While the grant program is a direct response to the pandemic, Angelenos need more innovative solutions to address the longstanding issue of utility debt and “energy burden” for Angelenos. Energy burden, which refers to the total share of income that a household spends on electricity bills, is an issue of racial and economic justice that disproportionately impacted low-income communities and communities of color even before the pandemic.

One study found that the median household energy burden in Los Angeles was 2.75 percent, but 40 percent of Black households and 30 percent of Latinx households paid more than double that amount. During the pandemic, these inequalities have been exacerbated, with 28 percent of Angelenos facing serious problems paying their utility bills.

How is the City taking extra steps to address debt?

Until recently, there was no plan to offer debt relief to low-income customers, many of whom have been accumulating more of it since the pandemic began and they have had to choose between paying for utilities or food and medicine.

LADWP’s Low Income Discount Program (LIDP) and Lifeline programs, which both offer bill discounts to qualifying customers, will not be enough to help households whose financial situations have worsened during the pandemic. Information on how debt is affecting customers is not readily available, but there is currently a proposal at the State Water Board that would require some water utilities, including DWP, to report total customer arrearages and ranges of individual customer debt to the state in November. Assuming that newly unemployed low-income customers have been unable to make their payments over the course of five months, LIDP and Lifeline participants likely have accumulated at least $18 million in unpaid bills (Based on LA County unemployment rates from March - September 2020 and average LIDP/Lifeline bill costs as estimated by the LA City Controller).
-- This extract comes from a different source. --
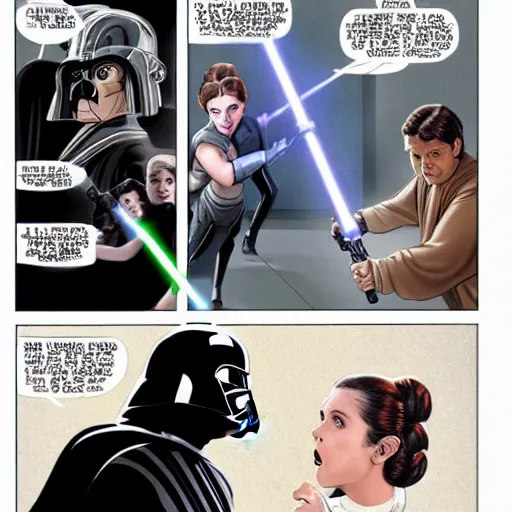 Image similar to princess leia fighting darth vader in a lightsaber battle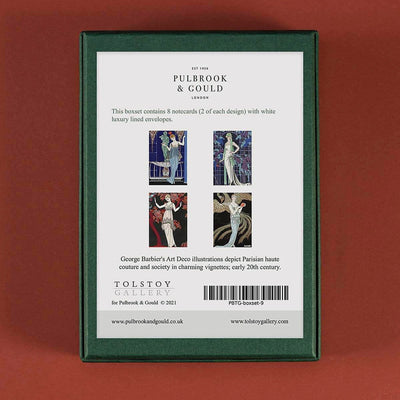 
                    
                      Tolstoy Gallery Greetings Card Box Set- George Barbier by Pulbrook Gould, green gift box with art deco notecards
Concerned about the situation, the City Council overwhelmingly passed a motion by Council President Nury Martinez to have LADWP report back with a debt relief and forgiveness program for low-income customers.

Her motion also included bill stabilization measures for low-income customers, where payments will be based on a percentage of monthly income, helping to stop their utility bill debt from rising.

Utility Grant Program

The City of Los Angeles received more than $694 million from the CARES Act, which Congress passed in response to the economic hardships brought on by COVID-19. In order to direct funds, the Council created an Ad Hoc Committee on COVID-19 Recovery and Neighborhood Investment, which allocated $50 million for LADWP customer bill relief. Due to federal restrictions, CARES Act funds cannot be used to make up for lost revenue and can only be used for direct relief. Therefore, the Utility Grant Program will provide cash assistance directly to customers. Eligible customers applying for the program will be entered into a lottery. Those selected will receive a $500 check to cover their debt. Customers will need to receive these funds by the end of the year  or the funds will go away.

Although this program would provide much-needed relief, the LADWP Board recognizes that more is needed, we look forward to learning how DWP will confront the challenge.

Leading by example

Municipal power utilities don't have as many tools and resources to manage debt as their investor-owned counterparts. As such, municipal utilities across the country have been struggling to find creative ways to address rising debt created by customers facing unprecedented financial distress as a result of COVID-19. Managing debt for publicly-owned municipal utilities means leadership has to think outside the box and create new ways to confront it.

There are an estimated 3,300 public electric utilities in the nation. Through courageous and creative leadership, we hope the nation’s largest can lead the way and show other publicly-owned utilities how to put customers first and to find more innovative ways to confront the debt incurred by the customers they serve.